[Web page caption snippets]

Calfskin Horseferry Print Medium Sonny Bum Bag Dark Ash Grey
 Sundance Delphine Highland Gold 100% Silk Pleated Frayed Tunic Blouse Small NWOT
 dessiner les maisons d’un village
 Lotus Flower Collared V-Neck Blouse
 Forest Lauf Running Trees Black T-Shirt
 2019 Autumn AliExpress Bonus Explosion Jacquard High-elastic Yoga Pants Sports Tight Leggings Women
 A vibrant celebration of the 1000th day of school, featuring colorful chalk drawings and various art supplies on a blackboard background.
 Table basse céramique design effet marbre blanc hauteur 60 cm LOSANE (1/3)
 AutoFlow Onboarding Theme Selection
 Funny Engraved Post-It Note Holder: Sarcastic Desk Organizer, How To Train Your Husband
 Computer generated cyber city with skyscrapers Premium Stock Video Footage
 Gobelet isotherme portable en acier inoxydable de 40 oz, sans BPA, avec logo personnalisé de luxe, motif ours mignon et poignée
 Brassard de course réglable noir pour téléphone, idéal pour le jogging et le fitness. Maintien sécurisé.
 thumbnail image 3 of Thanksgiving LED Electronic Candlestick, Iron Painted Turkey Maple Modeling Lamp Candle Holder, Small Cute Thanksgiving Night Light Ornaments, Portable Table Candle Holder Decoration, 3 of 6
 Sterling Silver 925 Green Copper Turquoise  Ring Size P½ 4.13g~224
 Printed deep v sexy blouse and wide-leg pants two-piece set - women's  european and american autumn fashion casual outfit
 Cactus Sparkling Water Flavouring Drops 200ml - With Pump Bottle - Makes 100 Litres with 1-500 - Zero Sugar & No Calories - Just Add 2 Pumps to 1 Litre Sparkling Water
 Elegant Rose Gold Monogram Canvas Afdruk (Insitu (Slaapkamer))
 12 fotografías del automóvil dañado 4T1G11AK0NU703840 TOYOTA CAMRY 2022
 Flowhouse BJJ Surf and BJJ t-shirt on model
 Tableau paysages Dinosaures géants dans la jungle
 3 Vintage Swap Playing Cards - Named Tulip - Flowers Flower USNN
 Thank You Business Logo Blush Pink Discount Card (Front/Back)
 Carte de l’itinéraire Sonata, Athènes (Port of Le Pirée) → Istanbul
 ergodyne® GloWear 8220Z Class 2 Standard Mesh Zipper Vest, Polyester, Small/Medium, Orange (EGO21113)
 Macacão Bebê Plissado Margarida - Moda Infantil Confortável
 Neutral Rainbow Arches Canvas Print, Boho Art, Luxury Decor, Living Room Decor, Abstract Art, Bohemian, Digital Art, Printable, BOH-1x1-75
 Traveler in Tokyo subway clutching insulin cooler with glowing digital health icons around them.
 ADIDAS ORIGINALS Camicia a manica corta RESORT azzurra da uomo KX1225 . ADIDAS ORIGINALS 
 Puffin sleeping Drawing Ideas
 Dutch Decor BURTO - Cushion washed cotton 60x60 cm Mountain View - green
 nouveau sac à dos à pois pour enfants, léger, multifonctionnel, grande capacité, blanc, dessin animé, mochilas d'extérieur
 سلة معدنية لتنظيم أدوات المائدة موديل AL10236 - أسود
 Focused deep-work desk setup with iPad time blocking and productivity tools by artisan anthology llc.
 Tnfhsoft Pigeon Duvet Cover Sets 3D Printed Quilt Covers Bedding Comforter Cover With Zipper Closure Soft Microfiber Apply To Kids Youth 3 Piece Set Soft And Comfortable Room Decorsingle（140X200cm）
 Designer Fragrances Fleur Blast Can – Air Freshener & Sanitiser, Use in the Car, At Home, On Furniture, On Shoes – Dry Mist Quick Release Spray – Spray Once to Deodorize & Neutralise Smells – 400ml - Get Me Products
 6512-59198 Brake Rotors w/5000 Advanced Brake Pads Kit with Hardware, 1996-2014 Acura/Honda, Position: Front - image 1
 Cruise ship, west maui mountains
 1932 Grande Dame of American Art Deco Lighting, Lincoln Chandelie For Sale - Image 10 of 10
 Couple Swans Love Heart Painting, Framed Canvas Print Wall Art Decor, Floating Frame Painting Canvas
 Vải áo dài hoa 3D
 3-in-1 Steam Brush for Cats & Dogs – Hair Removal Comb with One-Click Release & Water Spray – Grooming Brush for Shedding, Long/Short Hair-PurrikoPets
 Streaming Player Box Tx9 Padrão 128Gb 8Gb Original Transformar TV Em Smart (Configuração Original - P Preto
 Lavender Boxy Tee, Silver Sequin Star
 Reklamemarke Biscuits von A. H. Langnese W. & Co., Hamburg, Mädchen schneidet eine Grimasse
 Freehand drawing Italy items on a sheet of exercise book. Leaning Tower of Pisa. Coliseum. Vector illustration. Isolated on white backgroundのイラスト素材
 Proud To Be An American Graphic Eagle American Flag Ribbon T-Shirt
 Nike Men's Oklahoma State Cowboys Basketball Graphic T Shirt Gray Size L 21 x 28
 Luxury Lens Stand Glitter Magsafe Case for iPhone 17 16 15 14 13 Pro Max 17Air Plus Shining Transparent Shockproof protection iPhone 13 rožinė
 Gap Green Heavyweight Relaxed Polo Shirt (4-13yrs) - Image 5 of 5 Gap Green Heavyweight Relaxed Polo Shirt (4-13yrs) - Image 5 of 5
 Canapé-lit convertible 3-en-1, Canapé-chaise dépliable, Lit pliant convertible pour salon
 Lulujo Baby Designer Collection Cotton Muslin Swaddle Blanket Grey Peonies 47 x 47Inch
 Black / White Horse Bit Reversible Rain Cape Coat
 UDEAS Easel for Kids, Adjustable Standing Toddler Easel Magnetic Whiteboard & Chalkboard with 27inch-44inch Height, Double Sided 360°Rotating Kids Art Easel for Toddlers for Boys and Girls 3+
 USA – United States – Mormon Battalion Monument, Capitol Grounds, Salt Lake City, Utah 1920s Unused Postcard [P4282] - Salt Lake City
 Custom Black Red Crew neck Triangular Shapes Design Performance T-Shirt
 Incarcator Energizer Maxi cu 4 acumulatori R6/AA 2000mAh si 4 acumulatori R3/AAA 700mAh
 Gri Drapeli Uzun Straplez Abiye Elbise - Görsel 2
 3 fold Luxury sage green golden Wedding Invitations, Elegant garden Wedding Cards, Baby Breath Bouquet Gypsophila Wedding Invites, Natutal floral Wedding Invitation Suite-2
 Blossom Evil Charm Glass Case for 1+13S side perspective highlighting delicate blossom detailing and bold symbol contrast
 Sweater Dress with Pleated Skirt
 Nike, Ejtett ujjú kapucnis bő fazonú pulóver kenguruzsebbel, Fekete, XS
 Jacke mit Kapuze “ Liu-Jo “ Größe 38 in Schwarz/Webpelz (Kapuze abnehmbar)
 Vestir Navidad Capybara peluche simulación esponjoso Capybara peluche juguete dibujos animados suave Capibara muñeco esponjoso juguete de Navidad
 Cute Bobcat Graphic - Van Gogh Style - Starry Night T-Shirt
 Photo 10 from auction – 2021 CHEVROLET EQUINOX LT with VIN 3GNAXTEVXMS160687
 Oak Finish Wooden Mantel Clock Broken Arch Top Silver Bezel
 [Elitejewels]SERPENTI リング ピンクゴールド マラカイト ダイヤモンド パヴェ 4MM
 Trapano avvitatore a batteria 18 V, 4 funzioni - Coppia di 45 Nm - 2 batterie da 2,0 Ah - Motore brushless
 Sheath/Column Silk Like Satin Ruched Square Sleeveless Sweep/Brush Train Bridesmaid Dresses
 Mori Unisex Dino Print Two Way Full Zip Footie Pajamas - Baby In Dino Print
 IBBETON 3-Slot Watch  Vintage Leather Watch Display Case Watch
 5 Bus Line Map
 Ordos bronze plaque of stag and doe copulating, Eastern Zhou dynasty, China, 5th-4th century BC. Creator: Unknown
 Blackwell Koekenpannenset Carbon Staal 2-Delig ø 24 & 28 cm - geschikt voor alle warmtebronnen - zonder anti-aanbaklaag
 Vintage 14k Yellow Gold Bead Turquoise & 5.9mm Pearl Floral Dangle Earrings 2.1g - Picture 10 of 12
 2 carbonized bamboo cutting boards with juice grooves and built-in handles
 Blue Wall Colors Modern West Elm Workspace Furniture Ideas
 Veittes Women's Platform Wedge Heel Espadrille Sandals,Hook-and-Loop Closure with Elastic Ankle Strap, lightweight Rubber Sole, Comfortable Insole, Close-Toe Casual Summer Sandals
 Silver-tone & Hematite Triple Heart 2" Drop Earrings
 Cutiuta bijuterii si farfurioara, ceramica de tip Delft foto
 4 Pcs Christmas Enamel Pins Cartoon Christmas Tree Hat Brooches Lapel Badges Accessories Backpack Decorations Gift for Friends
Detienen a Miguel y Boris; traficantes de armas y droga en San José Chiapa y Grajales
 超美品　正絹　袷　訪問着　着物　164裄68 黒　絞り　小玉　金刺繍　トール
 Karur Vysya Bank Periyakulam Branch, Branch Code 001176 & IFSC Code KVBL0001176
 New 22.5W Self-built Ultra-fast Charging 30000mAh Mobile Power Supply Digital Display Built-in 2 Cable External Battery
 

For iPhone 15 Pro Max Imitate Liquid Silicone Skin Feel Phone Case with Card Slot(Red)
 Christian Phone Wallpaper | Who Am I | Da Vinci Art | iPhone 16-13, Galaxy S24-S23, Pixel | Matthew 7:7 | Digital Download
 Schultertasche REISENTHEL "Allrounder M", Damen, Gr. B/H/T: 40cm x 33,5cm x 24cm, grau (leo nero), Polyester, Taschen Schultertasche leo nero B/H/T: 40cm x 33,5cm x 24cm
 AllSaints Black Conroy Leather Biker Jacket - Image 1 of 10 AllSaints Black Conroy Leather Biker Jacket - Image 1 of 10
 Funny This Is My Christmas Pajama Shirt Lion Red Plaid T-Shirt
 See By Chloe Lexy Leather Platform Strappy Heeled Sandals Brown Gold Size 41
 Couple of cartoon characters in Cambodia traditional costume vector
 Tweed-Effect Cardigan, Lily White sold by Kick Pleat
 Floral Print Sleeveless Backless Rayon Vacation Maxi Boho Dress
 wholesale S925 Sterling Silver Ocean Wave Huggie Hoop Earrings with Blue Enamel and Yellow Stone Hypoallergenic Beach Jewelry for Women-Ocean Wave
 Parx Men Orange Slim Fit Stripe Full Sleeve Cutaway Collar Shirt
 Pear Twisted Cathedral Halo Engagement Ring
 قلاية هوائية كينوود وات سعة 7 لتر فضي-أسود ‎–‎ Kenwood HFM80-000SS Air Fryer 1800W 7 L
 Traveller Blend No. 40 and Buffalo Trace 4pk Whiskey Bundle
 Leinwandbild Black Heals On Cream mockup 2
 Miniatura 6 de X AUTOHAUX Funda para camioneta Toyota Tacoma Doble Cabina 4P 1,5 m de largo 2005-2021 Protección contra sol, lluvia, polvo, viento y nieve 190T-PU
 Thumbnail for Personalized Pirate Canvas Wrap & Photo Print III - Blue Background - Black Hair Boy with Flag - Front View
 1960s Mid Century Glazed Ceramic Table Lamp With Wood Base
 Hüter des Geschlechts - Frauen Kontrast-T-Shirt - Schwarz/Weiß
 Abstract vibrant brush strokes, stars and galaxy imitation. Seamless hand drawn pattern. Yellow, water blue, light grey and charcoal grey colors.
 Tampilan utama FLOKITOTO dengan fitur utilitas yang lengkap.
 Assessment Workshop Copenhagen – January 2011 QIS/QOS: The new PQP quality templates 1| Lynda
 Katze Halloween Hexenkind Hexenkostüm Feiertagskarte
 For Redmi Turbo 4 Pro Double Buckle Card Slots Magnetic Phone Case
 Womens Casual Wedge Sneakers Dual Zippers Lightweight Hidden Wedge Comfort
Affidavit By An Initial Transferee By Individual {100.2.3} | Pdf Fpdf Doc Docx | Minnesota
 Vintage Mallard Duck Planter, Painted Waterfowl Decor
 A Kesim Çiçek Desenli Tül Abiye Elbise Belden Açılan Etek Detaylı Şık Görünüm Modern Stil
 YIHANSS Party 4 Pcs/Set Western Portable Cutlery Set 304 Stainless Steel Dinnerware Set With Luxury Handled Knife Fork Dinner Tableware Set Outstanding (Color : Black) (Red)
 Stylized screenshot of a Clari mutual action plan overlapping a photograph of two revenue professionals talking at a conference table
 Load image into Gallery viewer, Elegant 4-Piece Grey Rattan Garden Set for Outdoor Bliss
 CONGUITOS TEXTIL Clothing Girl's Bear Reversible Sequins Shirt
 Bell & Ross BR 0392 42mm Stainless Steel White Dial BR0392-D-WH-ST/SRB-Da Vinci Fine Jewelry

◆ TASK PROMPT:
Transcribe each line of the data above, unaltered, from the one where "A Kesim Çiçek" appears to the one where "Stylized screenshot of" appears, inclusive of both.

◆ COMPLETED EXERCISE:
 A Kesim Çiçek Desenli Tül Abiye Elbise Belden Açılan Etek Detaylı Şık Görünüm Modern Stil
 YIHANSS Party 4 Pcs/Set Western Portable Cutlery Set 304 Stainless Steel Dinnerware Set With Luxury Handled Knife Fork Dinner Tableware Set Outstanding (Color : Black) (Red)
 Stylized screenshot of a Clari mutual action plan overlapping a photograph of two revenue professionals talking at a conference table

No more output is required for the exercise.